**WORK TO COMPLETE**: Beginning with the line that holds "13705 Gary Avenue, Lubbock, TX 79423", write out each line exactly as it stands until the end of the data, and include no pictures.

**RAW DATA**:
=-=-=

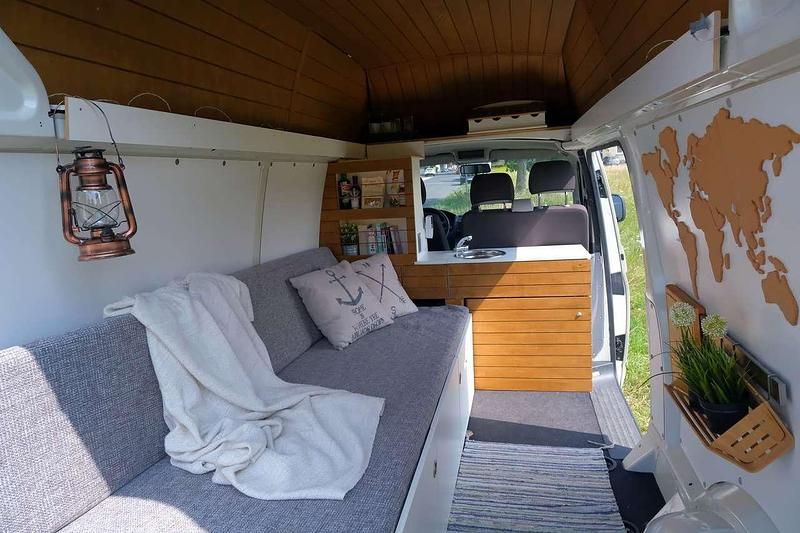 Gebraucht VW Transporter 105 PS (77 kW) 2006 Weiß Van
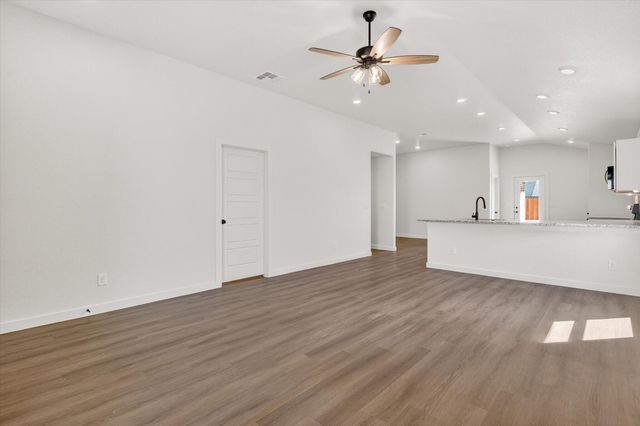 13705 Gary Avenue, Lubbock, TX 79423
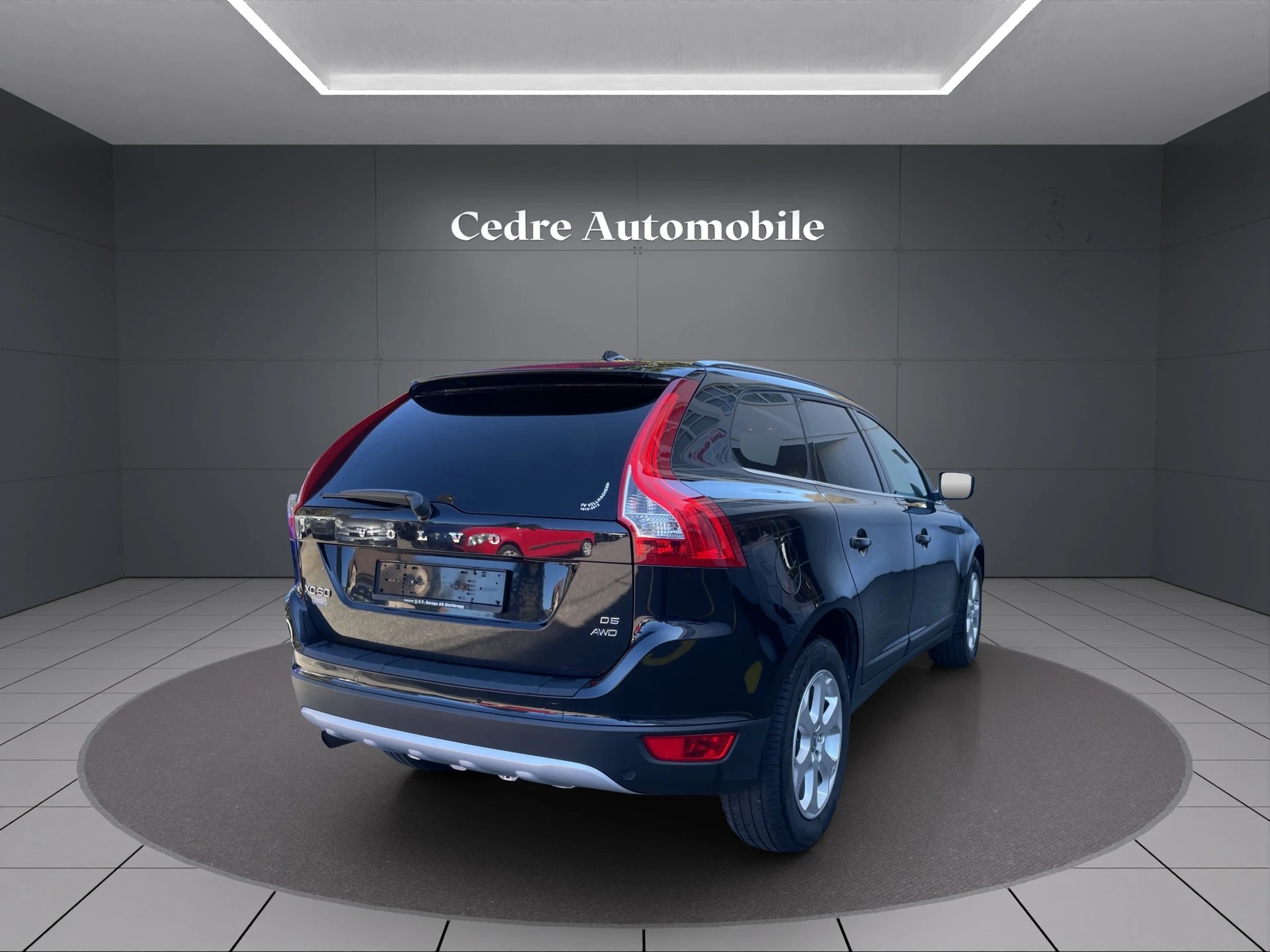 VOLVO XC60 D5 AWD Summum Geartronic-image-3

=-=-=

**WRITTEN ANSWER**:
 13705 Gary Avenue, Lubbock, TX 79423
 VOLVO XC60 D5 AWD Summum Geartronic-image-3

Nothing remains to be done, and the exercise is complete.